+++ Information supplied

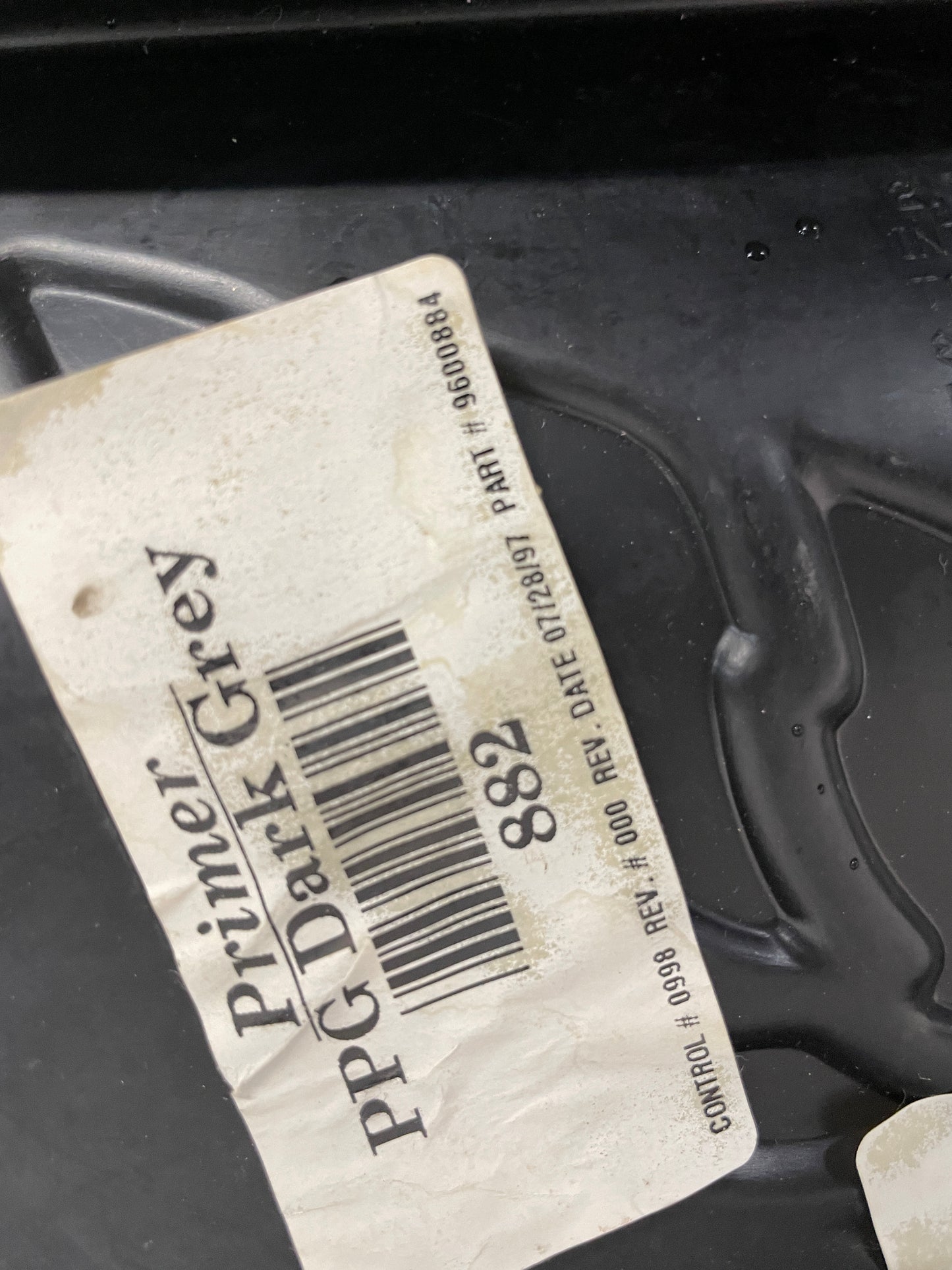 1998 Pontiac Firebird Formula Front License Plate Cover Filler Panel OEM - Day's Parts Yard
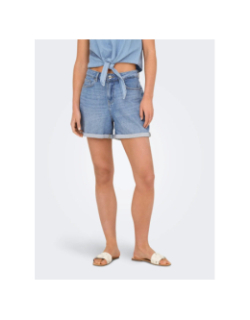 Short en jean josephine stretch bleu femme - Only
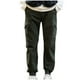 thumbnail image 2 of Pantalones largos de moda para hombre, casuales, de color sólido, con bolsillos y cremallera, cintura elástica, de poliéster., 2 of 8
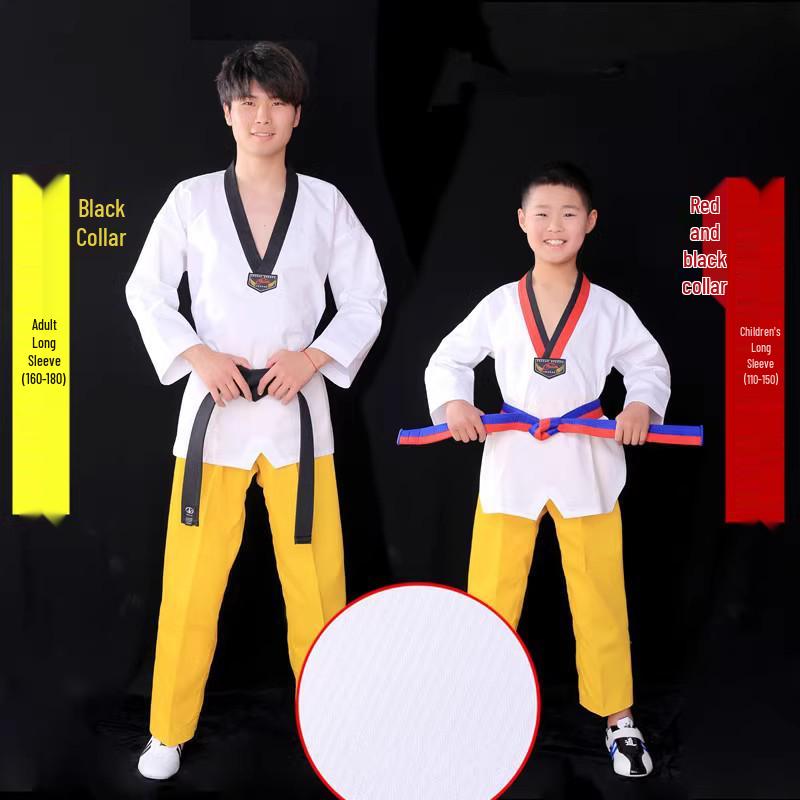 Taekwondo Uniform for Adults & Children: Pure Cotton Dobok for Beginners, Students, Coaches, Men & Women.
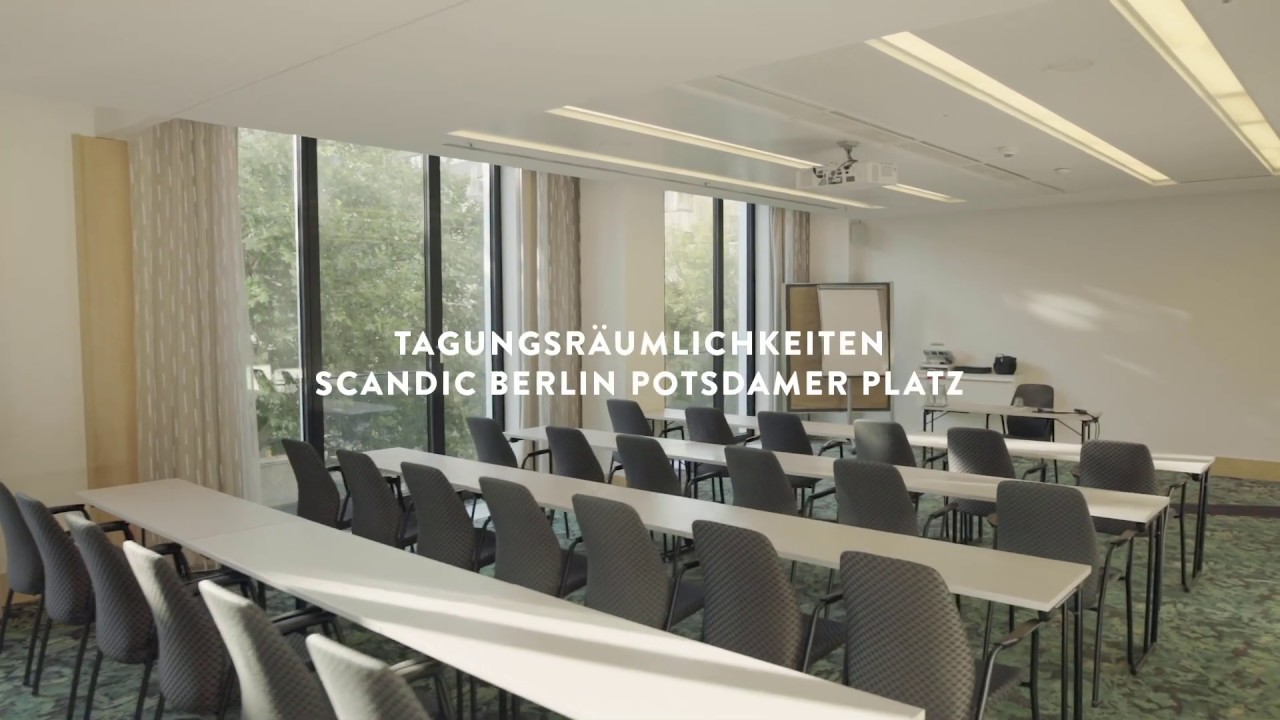 Unsere Tagungsräume im Scandic Berlin Potsdamer Platz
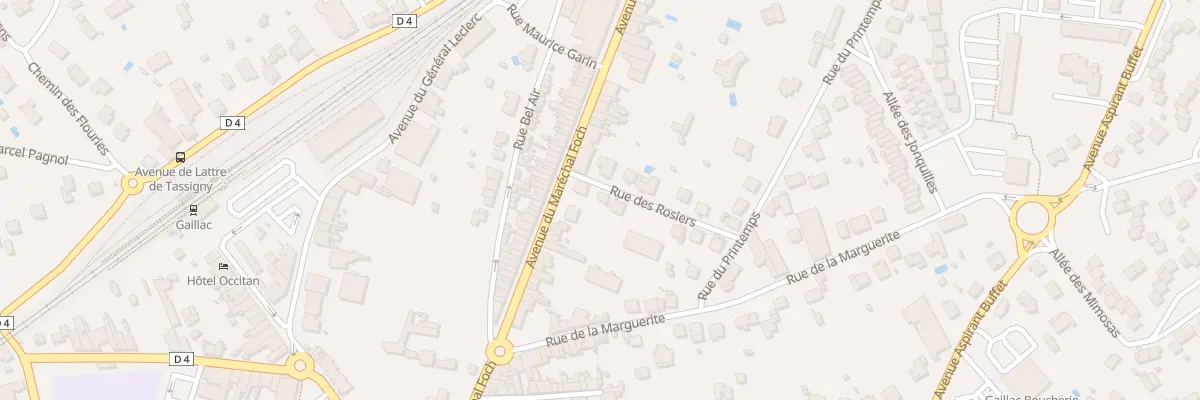 Plan du 4 Rue des Rosiers à Gaillac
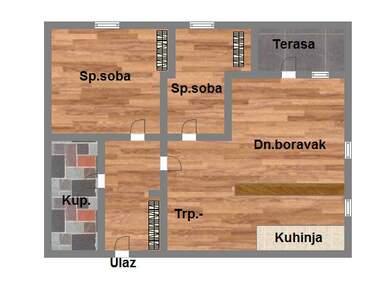 Trosoban stan, Novi Sad, prodaja, 67m2, 158800e, id917784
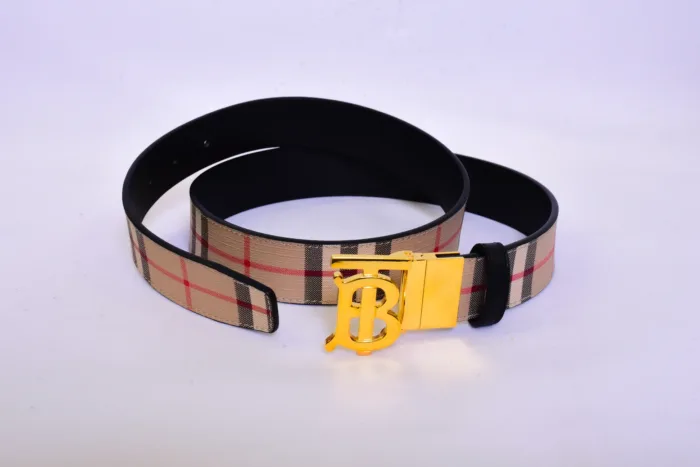 Burberry Golden Logo Pattern Belt - Image 3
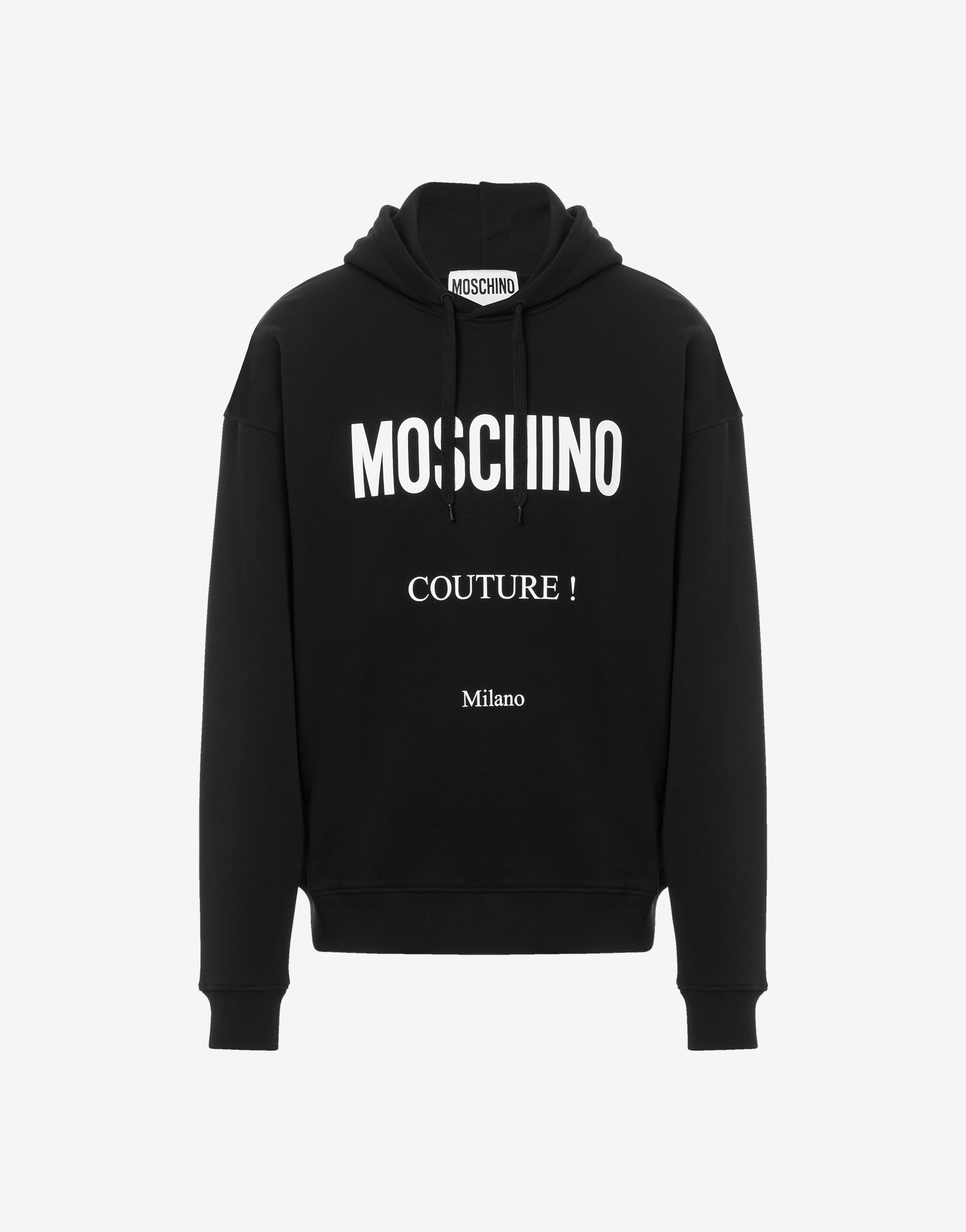 MOSCHINO COUTURE COTTON SWEATSHIRT - 1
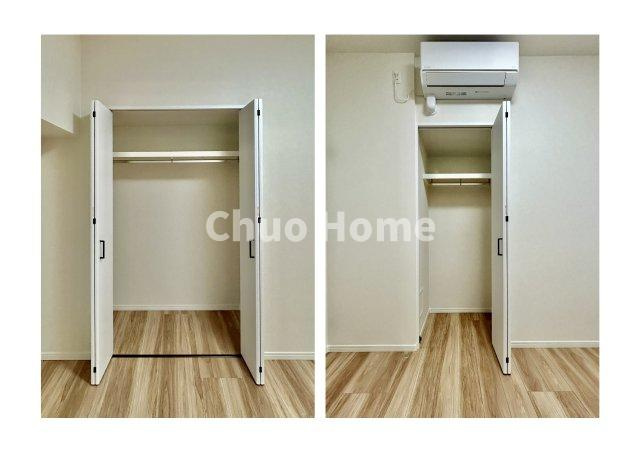 居室にはクローゼットを完備し、自由度の高い家具の配置が叶うシンプルな空間です。お子様の成長と必要になる子供部屋を与えるにはぴったりの間取りですね。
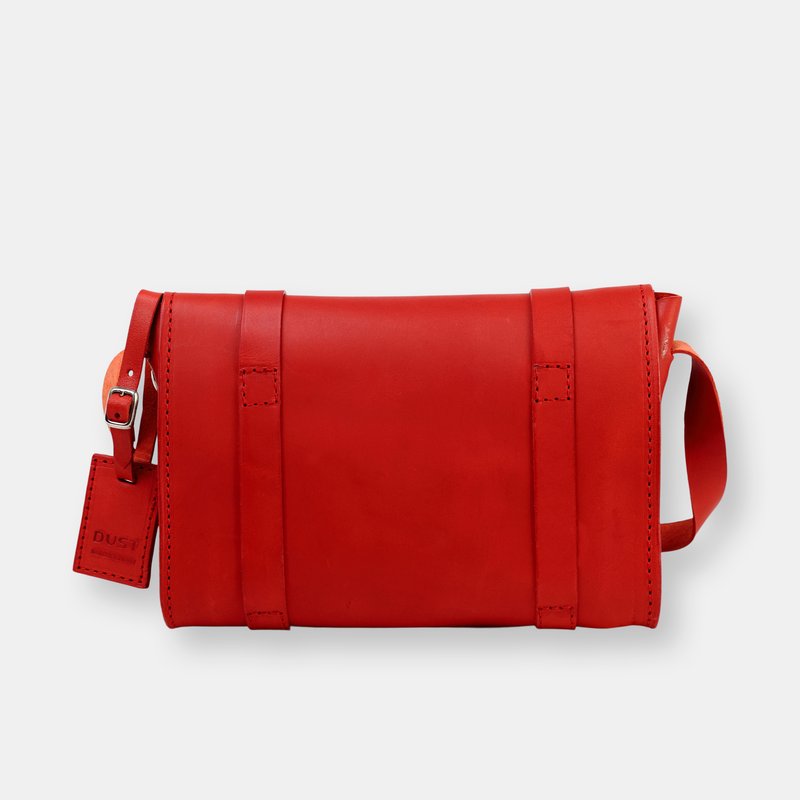 Shop The Dust Company Mod 134 Messenger Bag In Cuoio Red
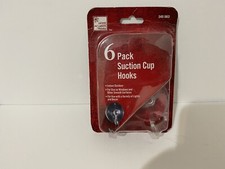 UPC 086786810040 product image for Suction Hooks 6 Pack New Indoor Outdoor Home Accents Holiday Large 343563  | upcitemdb.com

++++++

Prompt: From the first line of the entries above through the line with "Shop The Dust", set down each line exactly and drop the pictures.

Result below:
 1998 Pontiac Firebird Formula Front License Plate Cover Filler Panel OEM - Day's Parts Yard
 Short en jean josephine stretch bleu femme - Only
 thumbnail image 2 of Pantalones largos de moda para hombre, casuales, de color sólido, con bolsillos y cremallera, cintura elástica, de poliéster., 2 of 8
 Taekwondo Uniform for Adults & Children: Pure Cotton Dobok for Beginners, Students, Coaches, Men & Women.
 Unsere Tagungsräume im Scandic Berlin Potsdamer Platz
 Plan du 4 Rue des Rosiers à Gaillac
 Trosoban stan, Novi Sad, prodaja, 67m2, 158800e, id917784
 Burberry Golden Logo Pattern Belt - Image 3
 MOSCHINO COUTURE COTTON SWEATSHIRT - 1
 居室にはクローゼットを完備し、自由度の高い家具の配置が叶うシンプルな空間です。お子様の成長と必要になる子供部屋を与えるにはぴったりの間取りですね。
 Shop The Dust Company Mod 134 Messenger Bag In Cuoio Red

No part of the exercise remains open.